> _TASK REQUIREMENTS_: Output all entries precisely and leave out the pictures.

> _AVAILABLE RECORDS_:
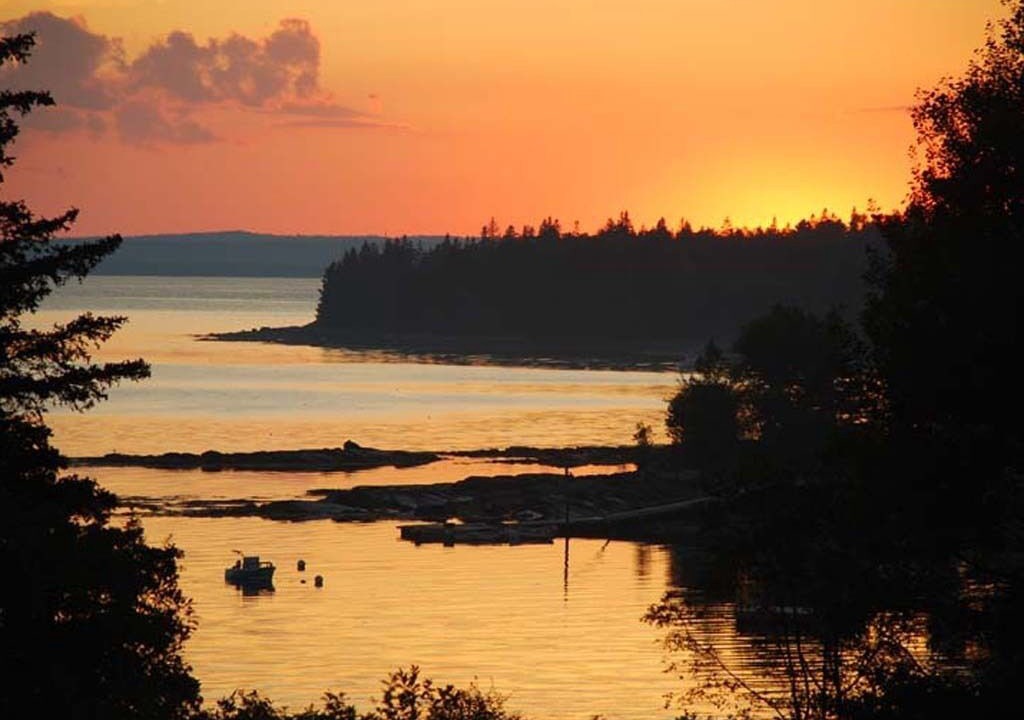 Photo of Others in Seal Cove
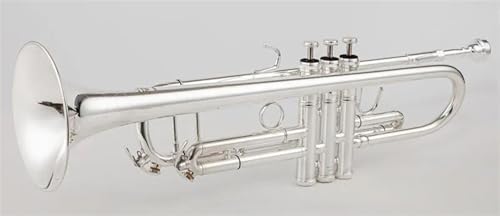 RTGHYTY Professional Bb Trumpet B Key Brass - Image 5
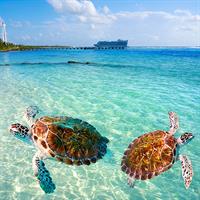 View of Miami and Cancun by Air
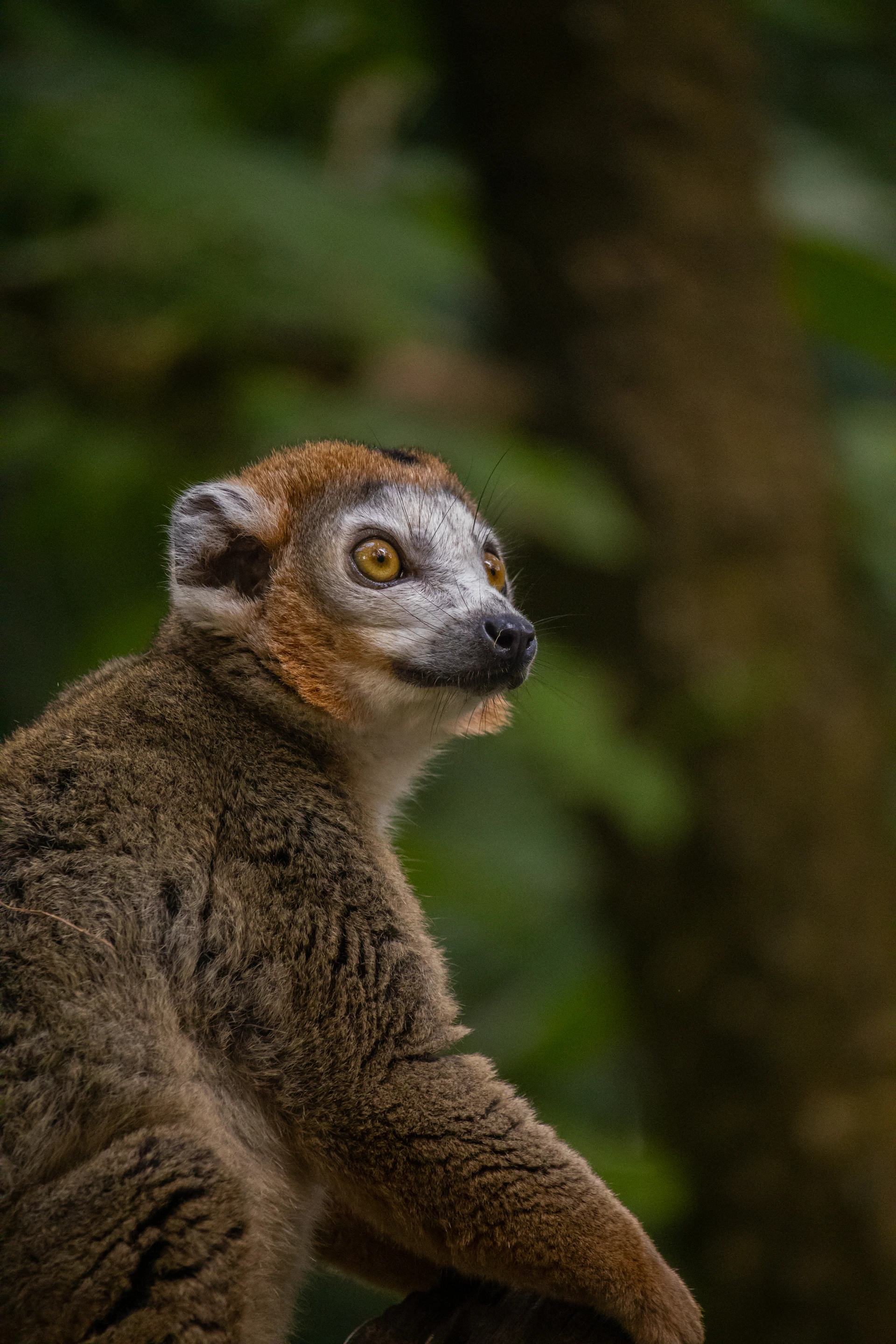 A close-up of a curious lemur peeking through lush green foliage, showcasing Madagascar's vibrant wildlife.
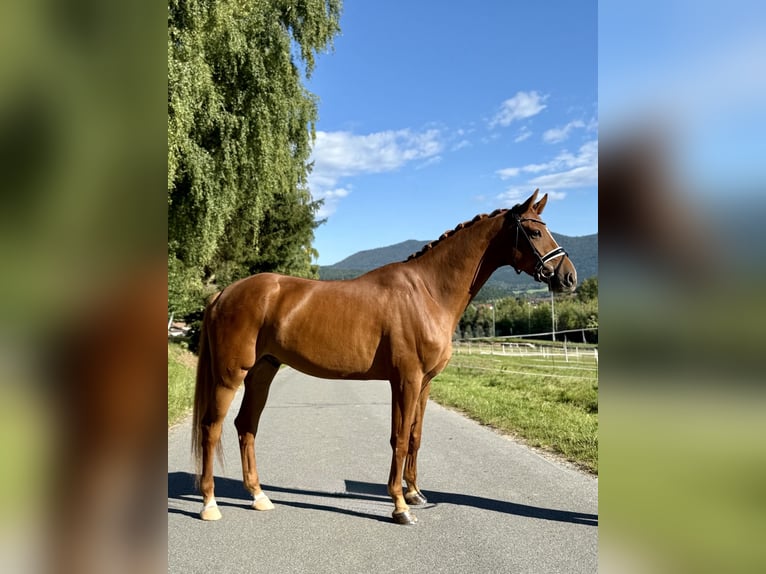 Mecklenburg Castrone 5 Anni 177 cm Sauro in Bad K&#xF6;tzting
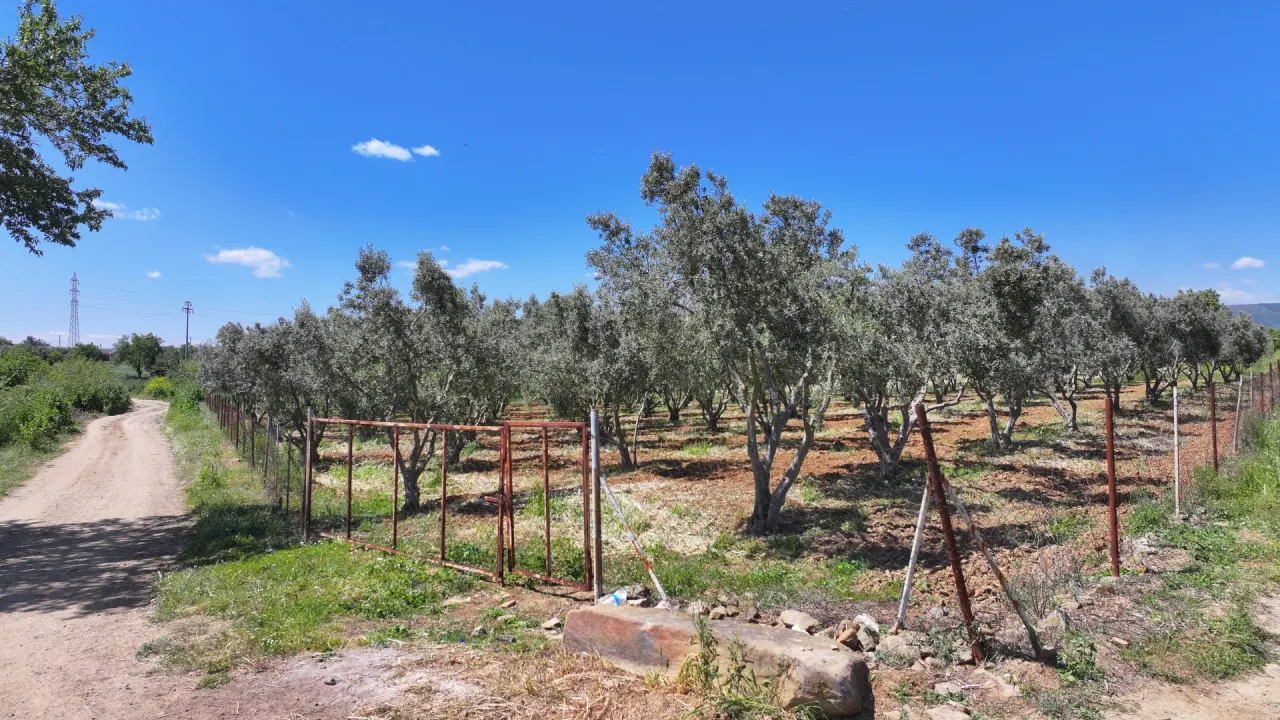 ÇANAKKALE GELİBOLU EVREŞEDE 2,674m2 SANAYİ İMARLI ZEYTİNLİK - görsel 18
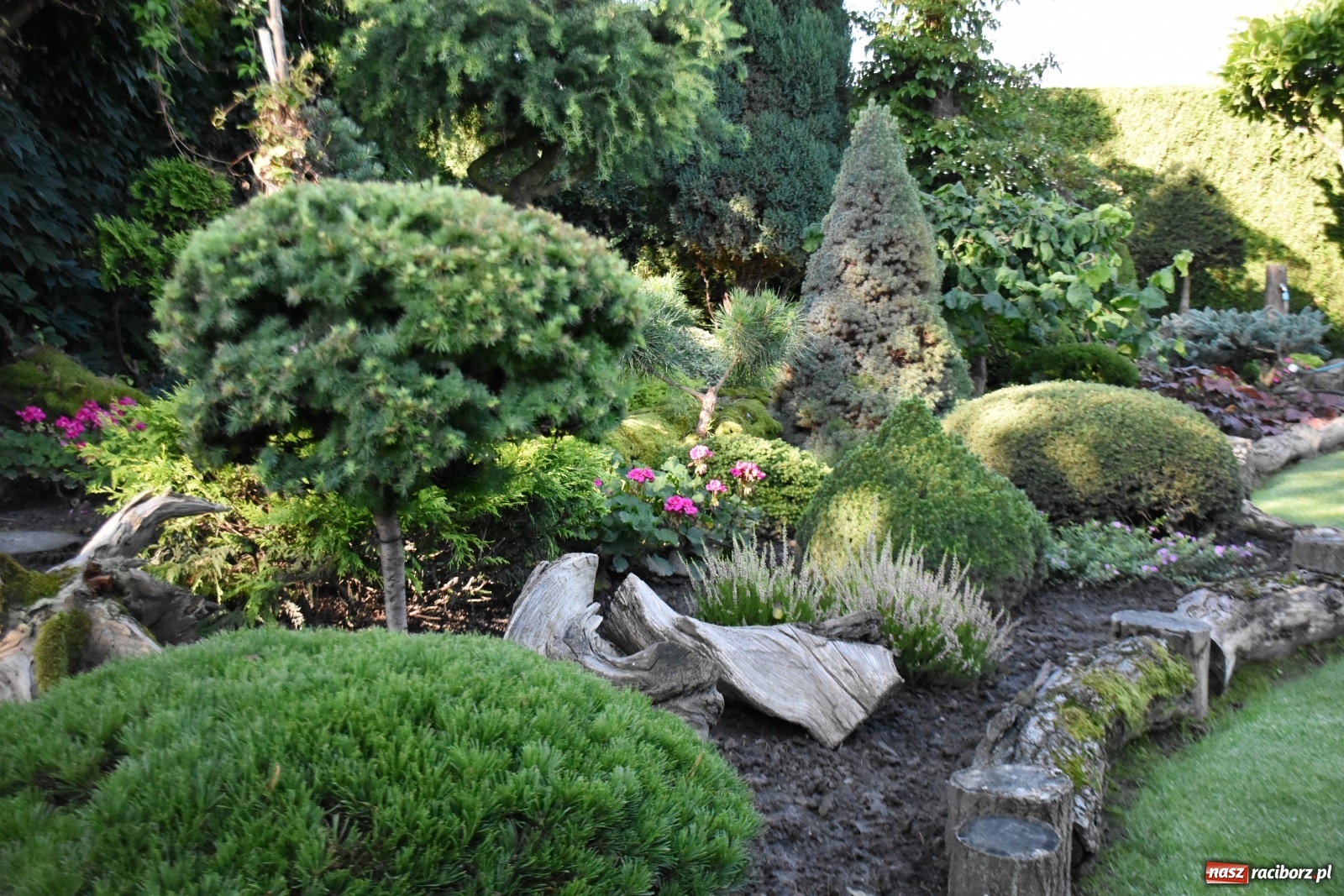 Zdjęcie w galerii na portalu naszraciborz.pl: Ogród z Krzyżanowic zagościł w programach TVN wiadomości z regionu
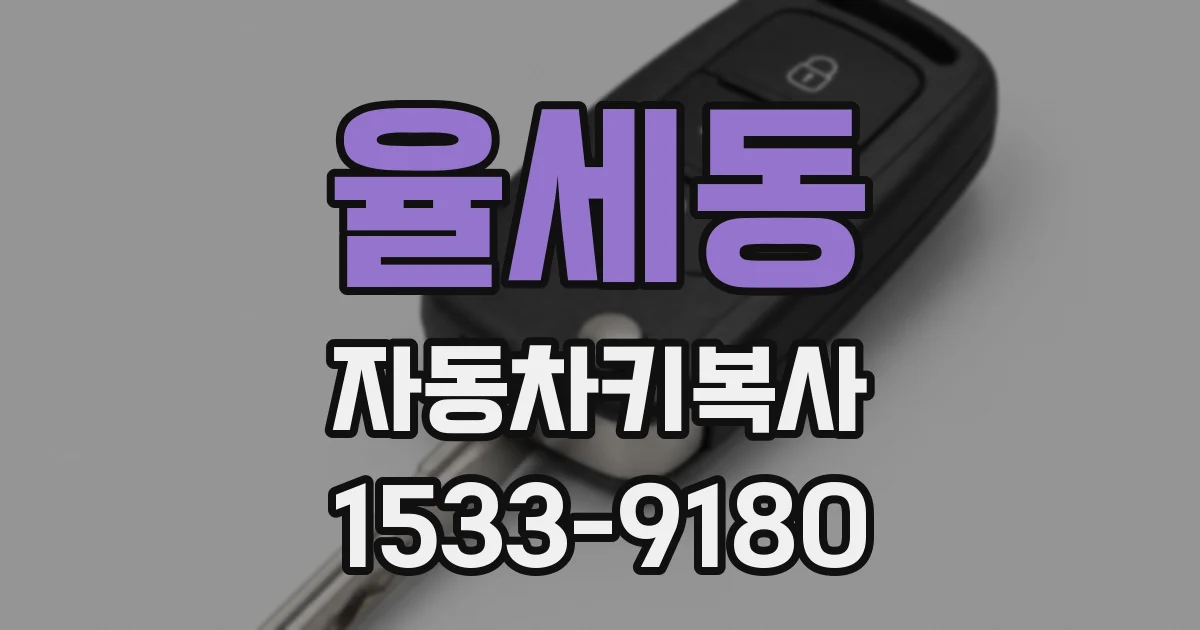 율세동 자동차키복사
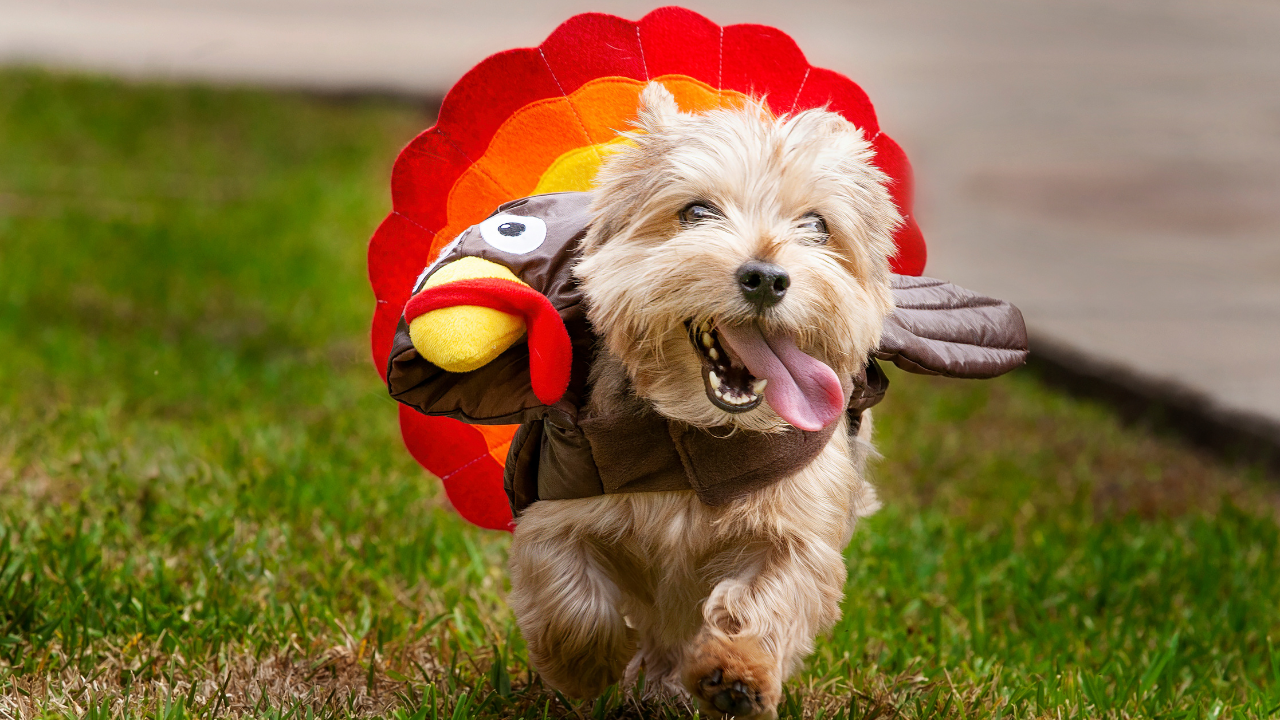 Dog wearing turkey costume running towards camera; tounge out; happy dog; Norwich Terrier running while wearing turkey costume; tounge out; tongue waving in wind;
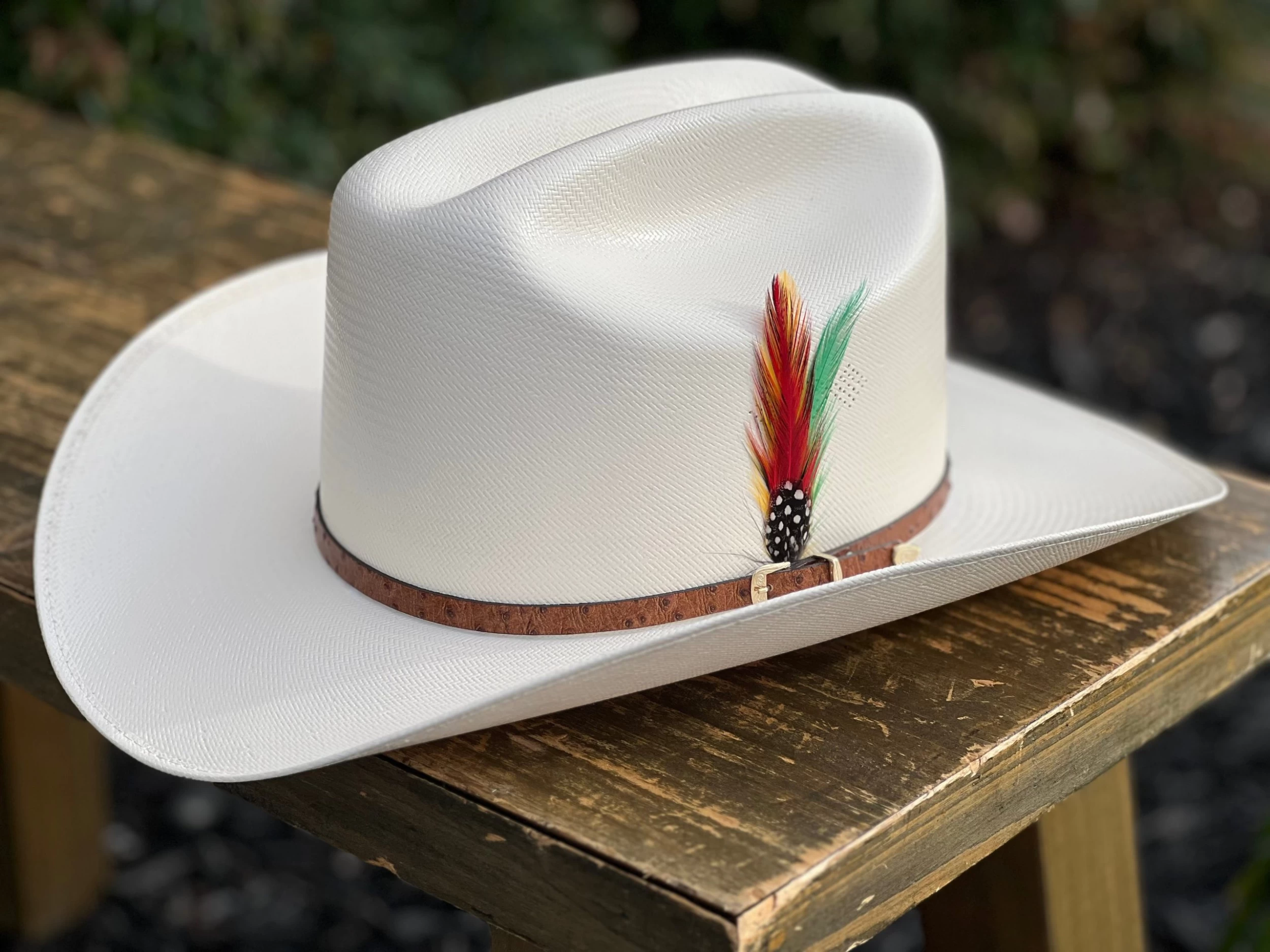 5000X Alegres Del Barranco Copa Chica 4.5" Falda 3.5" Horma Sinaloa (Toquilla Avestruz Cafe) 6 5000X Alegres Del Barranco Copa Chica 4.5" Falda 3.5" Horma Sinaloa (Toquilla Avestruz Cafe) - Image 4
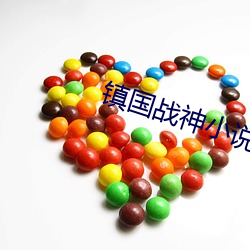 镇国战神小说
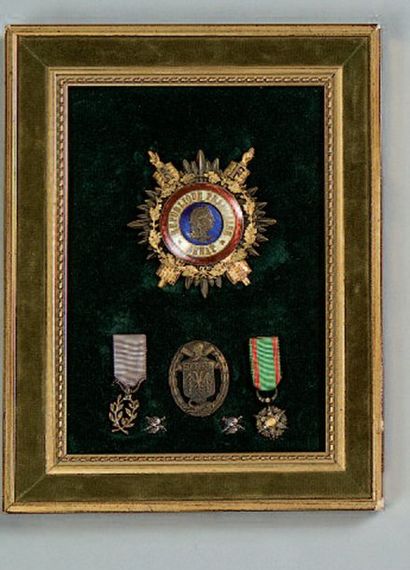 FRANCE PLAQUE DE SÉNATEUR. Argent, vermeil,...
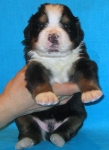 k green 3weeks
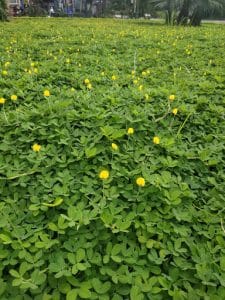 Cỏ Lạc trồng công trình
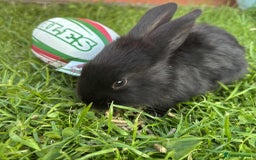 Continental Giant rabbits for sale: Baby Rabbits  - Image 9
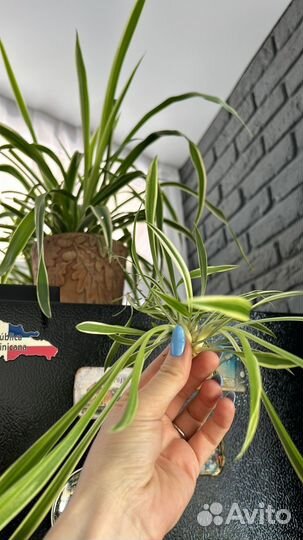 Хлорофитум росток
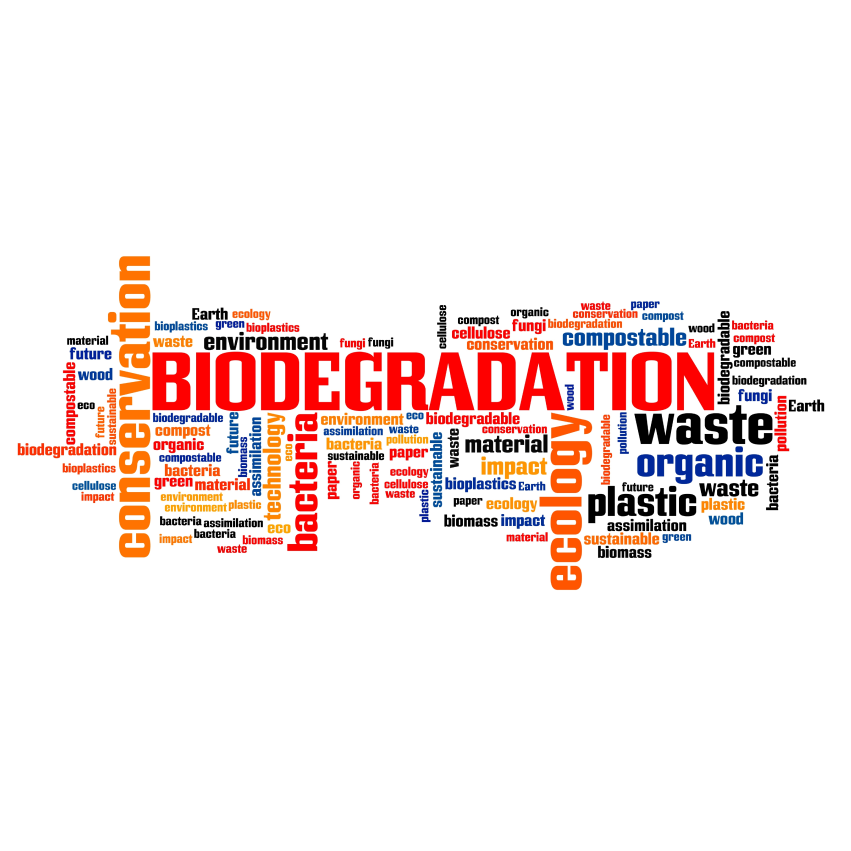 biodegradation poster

> _PROBLEM SOLUTION_:
 Photo of Others in Seal Cove
 RTGHYTY Professional Bb Trumpet B Key Brass - Image 5
 View of Miami and Cancun by Air
 A close-up of a curious lemur peeking through lush green foliage, showcasing Madagascar's vibrant wildlife.
 Mecklenburg Castrone 5 Anni 177 cm Sauro in Bad K&#xF6;tzting
 ÇANAKKALE GELİBOLU EVREŞEDE 2,674m2 SANAYİ İMARLI ZEYTİNLİK - görsel 18
 Zdjęcie w galerii na portalu naszraciborz.pl: Ogród z Krzyżanowic zagościł w programach TVN wiadomości z regionu
 율세동 자동차키복사
 Dog wearing turkey costume running towards camera; tounge out; happy dog; Norwich Terrier running while wearing turkey costume; tounge out; tongue waving in wind;
 5000X Alegres Del Barranco Copa Chica 4.5" Falda 3.5" Horma Sinaloa (Toquilla Avestruz Cafe) 6 5000X Alegres Del Barranco Copa Chica 4.5" Falda 3.5" Horma Sinaloa (Toquilla Avestruz Cafe) - Image 4
 镇国战神小说
 FRANCE PLAQUE DE SÉNATEUR. Argent, vermeil,...
 k green 3weeks
 Cỏ Lạc trồng công trình
 Continental Giant rabbits for sale: Baby Rabbits  - Image 9
 Хлорофитум росток
 biodegradation poster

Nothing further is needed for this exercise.